+++ Data excerpt +++

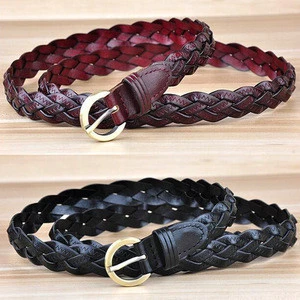 women 2cm cowhide bonded leather braided belt women handmade weave belt genuine leather knit belt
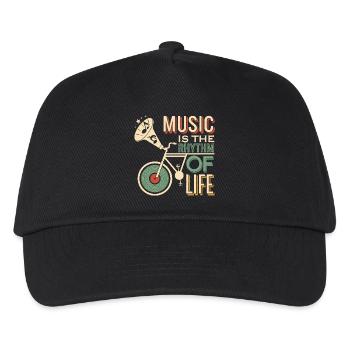 Musik ist der Rhythmus des Lebens - Kinder Basecap - Schwarz - Vorne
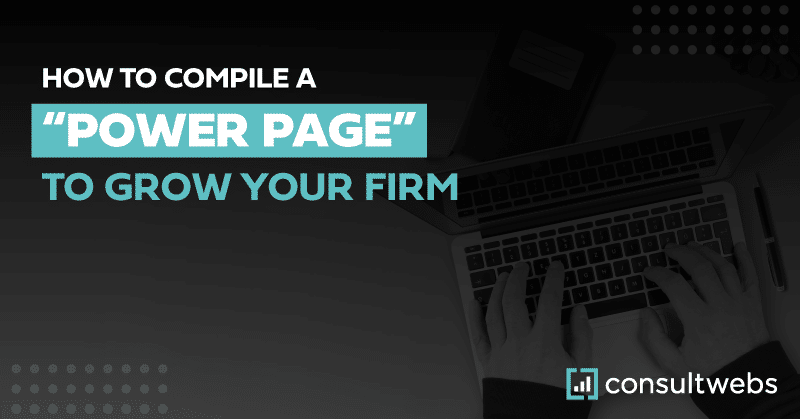 Guide to creating a power page for law firm growth, featuring typing hands and a laptop.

+++

▶ [What to work on] Please transcribe the material above exactly as written. Leave the pictures out.

▶ [Result below]
 women 2cm cowhide bonded leather braided belt women handmade weave belt genuine leather knit belt
 Musik ist der Rhythmus des Lebens - Kinder Basecap - Schwarz - Vorne
 Guide to creating a power page for law firm growth, featuring typing hands and a laptop.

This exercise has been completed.